Часть Третья. ЭЛЛИНИСТИЧЕСКОЕ ИСКУССТВОЗНАНИЕ

I. ЛИТЕРАТУРА

§1. Александрийская критика

1. Смысловое происхождение эллинистического интереса к искусству как таковому

Вместе с критическим отношением к предмету родилась и его эстетическая оценка. Эта оценка заключалась уже в самом слове "критик" (criticos) - тот, кто судит, "судья" (crites) - тот, кто выносит обоснованное суждение или решение.

Если в эпоху греческой классики эстетическая оценка художественной предметности была естественным следствием философско-логического анализа космической жизни и ее закономерностей, а сам космос мыслился наивысшим произведением искусства, то уже канун эллинизма в лице Аристотеля, а затем и сама философия эллинизма (стоики, эпикурейцы, скептики) переместили тяжесть исследования на человека и стали искать эту художественную предметность в объективной человеческой деятельности.

Человеческая деятельность в эпоху эллинизма, как известно, была в достаточной мере ограничена рамками частной жизни, а сам человек рассматривался не как гражданин (polites), но как частное лицо (idiotes). Однако, будучи в первую очередь человеком частным, эллинистический ученый, писатель, поэт мог в полной мере не только создавать произведения искусства, но и специализироваться на "критической" деятельности, оттачивая и углубляя свои способности эстетического суждения и субъективного вкуса. Еще у перипатетиков, последователей Аристотеля, таких, как Феофраст, Гераклид Понтийский, или Аристоксен, Иероним Родосский, или Праксифан с Родоса или Лесбоса, "критика" являлась только результатом их философского интереса к проблемам морали, человеческого характера, "этоса" литературного и музыкального произведения, художественного воспитания.

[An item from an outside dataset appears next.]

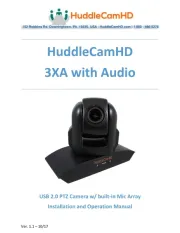 HuddleCamHD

Самостоятельная ценность чисто "критических" и филологических изысканий была обретена уже только у так называемых александрийцев (III-II вв. до н.э.), соединявших изысканную поэзию с ученой эрудицией, духом классификаторства, систематизации и коллекционерства. Однако эта деятельность ученых-поэтов и критиков-филологов заложила основы вообще всего европейского литературоведения и искусствознания. Стало совершенно необходимым, комментируя и толкуя древних поэтов, искать в них те черты, которые приближают их к воображаемому образу идеального поэта, а это значило непрестанно высказывать свои собственные эстетические оценки. Суждения о творчестве (poiёsis) поэта не могли быть вынесены без критического анализа его речи, или стиля (lexis), качества речи (idea), фигур (schёma), поэтических оборотов (tropos). При изучении произведения искусства неизменно обращались к вопросу о соответствии данного предмета его образцу. Вновь возникала неумирающая проблема подражания (mimesis) природе, истинной наставнице жизни и единственной подлинной художнице{284}.